Earth AI Secures $20M Series B as Mining Industry Embraces Vertically Integrated AI Exploration

Earth AI closed a $20 million Series B funding round on February 27, 2025, marking the Austrian startup's sixth funding milestone since its 2017 founding. The round, led by existing investors including Cantos and Tamarack Global, positions the company to scale its AI-powered approach to critical mineral discovery and development.

The funding comes as Earth AI has demonstrated measurable results from its vertically integrated model, having made three mineral discoveries in 2023 while spending $2.1 million. These discoveries include molybdenum, palladium, and lead-silver deposits, representing a discovery-to-expenditure ratio that traditional exploration companies rarely achieve.

The Vertical Integration Play

Earth AI operates as what founder and CEO Roman Teslyuk describes as a vertically integrated AI-powered explorer that discovers, develops, and owns critical mineral projects.

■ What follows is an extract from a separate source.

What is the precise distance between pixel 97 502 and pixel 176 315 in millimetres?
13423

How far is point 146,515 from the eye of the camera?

Unlike traditional mining exploration firms that outsource drilling operations, Earth AI maintains its own drilling fleet that operates year-round, providing continuous data collection for its machine learning models.

The company's current focus centers on greenfield exploration in Australia, where regulatory frameworks and geological conditions align with its AI-driven methodology. Teslyuk, a geologist with 10 years of industry experience and former PhD candidate at the University of Sydney, founded the company after participating in Y Combinator's Summer 2019 cohort.

Market Context and Competitive Landscape

Earth AI's funding announcement arrives amid heightened activity in AI-powered mineral exploration. GeologicAI recently raised $44 million in its own Series B, more than doubling Earth AI's raise, and announced the acquisition of Lumo Analytics to complete its integrated sensor suite across critical minerals and rare earth elements.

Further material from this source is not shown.